#### Data section:
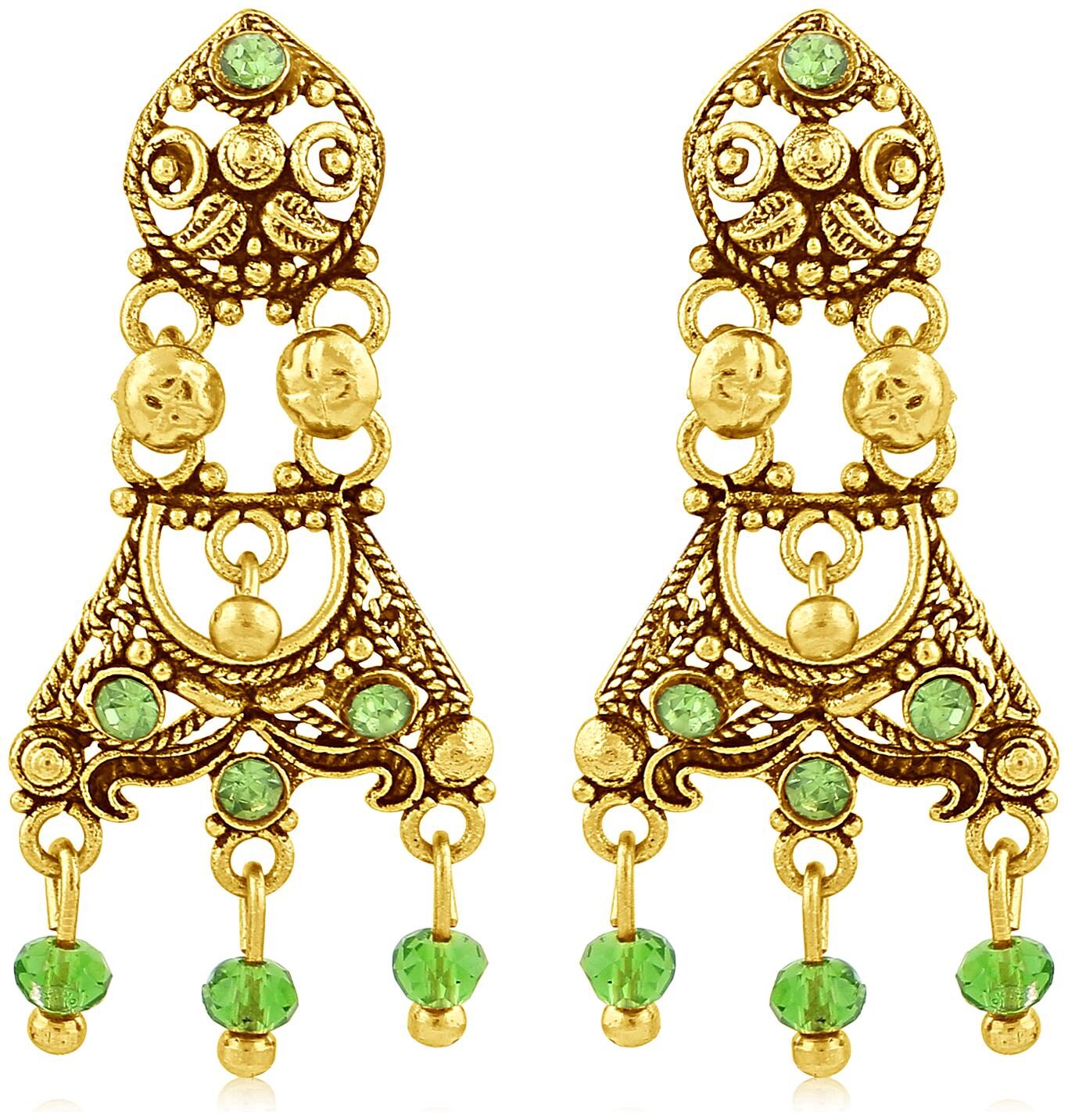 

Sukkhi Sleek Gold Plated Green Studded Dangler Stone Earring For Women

* * *

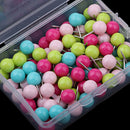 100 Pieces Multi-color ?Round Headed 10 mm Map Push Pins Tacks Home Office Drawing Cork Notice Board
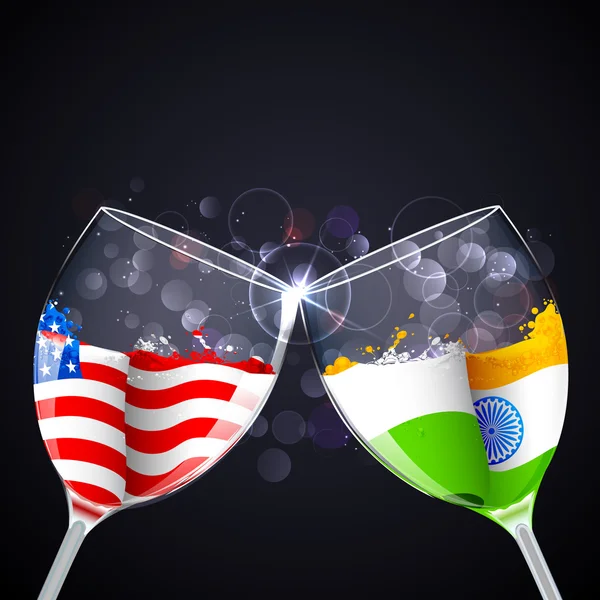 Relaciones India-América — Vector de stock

* * *

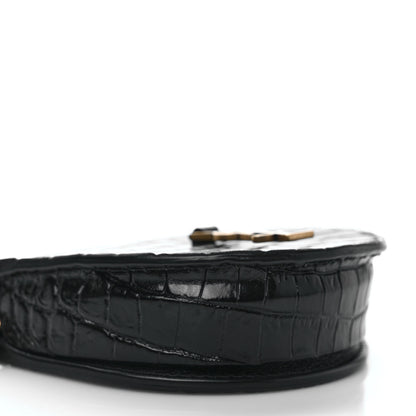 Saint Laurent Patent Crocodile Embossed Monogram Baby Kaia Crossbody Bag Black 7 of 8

#### Goal of the exercise:
Using the material above, transcribe exactly the lines from the one holding "100 Pieces Multi-color" to the one holding "Relaciones India-América — Vector de stock", both ends kept. Do not carry over any pictures.

#### Written answer:
 100 Pieces Multi-color ?Round Headed 10 mm Map Push Pins Tacks Home Office Drawing Cork Notice Board
 Relaciones India-América — Vector de stock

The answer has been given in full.